Plenty could go wrong if the economy were to drop into a deep recession. We ran an internal analysis that considered an economic scenario comparable with the global financial crisis of 2008 (GFC) and the savings and loan (S&L) crisis in the late 1980s. In such a scenario, our research found:
- Property values could decline by as much as 40% on average.
- Net operating income in many commercial property sectors could decline for as long as three years.
- Among defaults, it could take up to two years to liquidate the property, and recoveries could be less than two-thirds of loan value.
But even in such a worst-case scenario, we see potential for around $100 billion of losses in office real estate, and only a quarter of that would hit publicly traded securities. Moreover, this dire scenario is unlikely given our current expectation of a modest recession within the next 18 months.
Banks could be impacted, but they’ve been building reserves to prepare for potential losses. Based on our stress scenario of U.S. banks, we believe that commercial real estate losses could be stressful for many small banks, defined as those outside the top 25 banks by size.

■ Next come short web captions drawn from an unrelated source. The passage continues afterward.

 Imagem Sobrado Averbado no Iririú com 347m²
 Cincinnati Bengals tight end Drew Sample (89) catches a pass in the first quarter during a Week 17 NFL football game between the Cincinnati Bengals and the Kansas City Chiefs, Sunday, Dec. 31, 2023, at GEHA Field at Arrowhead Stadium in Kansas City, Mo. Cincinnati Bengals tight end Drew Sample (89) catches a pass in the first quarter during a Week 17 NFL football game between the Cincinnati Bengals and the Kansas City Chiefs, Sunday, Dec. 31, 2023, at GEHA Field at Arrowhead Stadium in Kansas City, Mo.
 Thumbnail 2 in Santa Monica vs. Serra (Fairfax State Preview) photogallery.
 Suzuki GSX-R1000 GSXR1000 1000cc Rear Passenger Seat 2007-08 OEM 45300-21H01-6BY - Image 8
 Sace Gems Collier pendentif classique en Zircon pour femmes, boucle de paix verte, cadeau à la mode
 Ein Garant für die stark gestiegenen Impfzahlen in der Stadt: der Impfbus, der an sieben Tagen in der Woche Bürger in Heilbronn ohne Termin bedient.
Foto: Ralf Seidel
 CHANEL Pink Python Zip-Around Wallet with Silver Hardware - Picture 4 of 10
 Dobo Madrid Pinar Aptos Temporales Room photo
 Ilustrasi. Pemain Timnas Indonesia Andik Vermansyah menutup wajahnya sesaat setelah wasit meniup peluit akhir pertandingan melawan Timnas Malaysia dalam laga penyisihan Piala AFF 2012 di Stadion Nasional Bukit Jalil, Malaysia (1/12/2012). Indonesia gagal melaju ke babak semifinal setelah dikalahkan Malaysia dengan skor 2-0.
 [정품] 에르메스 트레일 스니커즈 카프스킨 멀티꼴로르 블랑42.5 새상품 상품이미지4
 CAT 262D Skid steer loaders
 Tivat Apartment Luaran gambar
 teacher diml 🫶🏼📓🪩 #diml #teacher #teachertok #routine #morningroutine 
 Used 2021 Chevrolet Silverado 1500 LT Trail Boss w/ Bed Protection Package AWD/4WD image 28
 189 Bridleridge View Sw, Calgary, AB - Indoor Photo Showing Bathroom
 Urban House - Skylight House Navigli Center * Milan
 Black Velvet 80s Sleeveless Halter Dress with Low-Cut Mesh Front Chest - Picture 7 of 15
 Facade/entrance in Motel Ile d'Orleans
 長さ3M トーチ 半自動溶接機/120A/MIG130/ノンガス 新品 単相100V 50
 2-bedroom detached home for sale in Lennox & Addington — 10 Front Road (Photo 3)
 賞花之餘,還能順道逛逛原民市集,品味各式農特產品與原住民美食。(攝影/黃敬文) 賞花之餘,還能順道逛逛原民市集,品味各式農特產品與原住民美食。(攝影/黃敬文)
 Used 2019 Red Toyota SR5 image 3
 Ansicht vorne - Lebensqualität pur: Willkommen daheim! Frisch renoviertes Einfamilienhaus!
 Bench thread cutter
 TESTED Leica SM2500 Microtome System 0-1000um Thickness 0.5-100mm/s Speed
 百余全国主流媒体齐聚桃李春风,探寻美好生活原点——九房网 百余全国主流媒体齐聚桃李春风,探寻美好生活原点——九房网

However, the average asset size of an impacted bank is very low, at $1 billion, and the number of banks that would face capital challenges is a small fraction of those that failed in the GFC or the S&L crisis.
“When banks of this size fail, typically they are closed and sold by the FDIC to larger banks that assume all deposits,” said Brian Monteleone, Vanguard’s co-head of U.S. investment-grade credit research. “As a result, we believe this would not pose a systemic risk to the banking system overall.”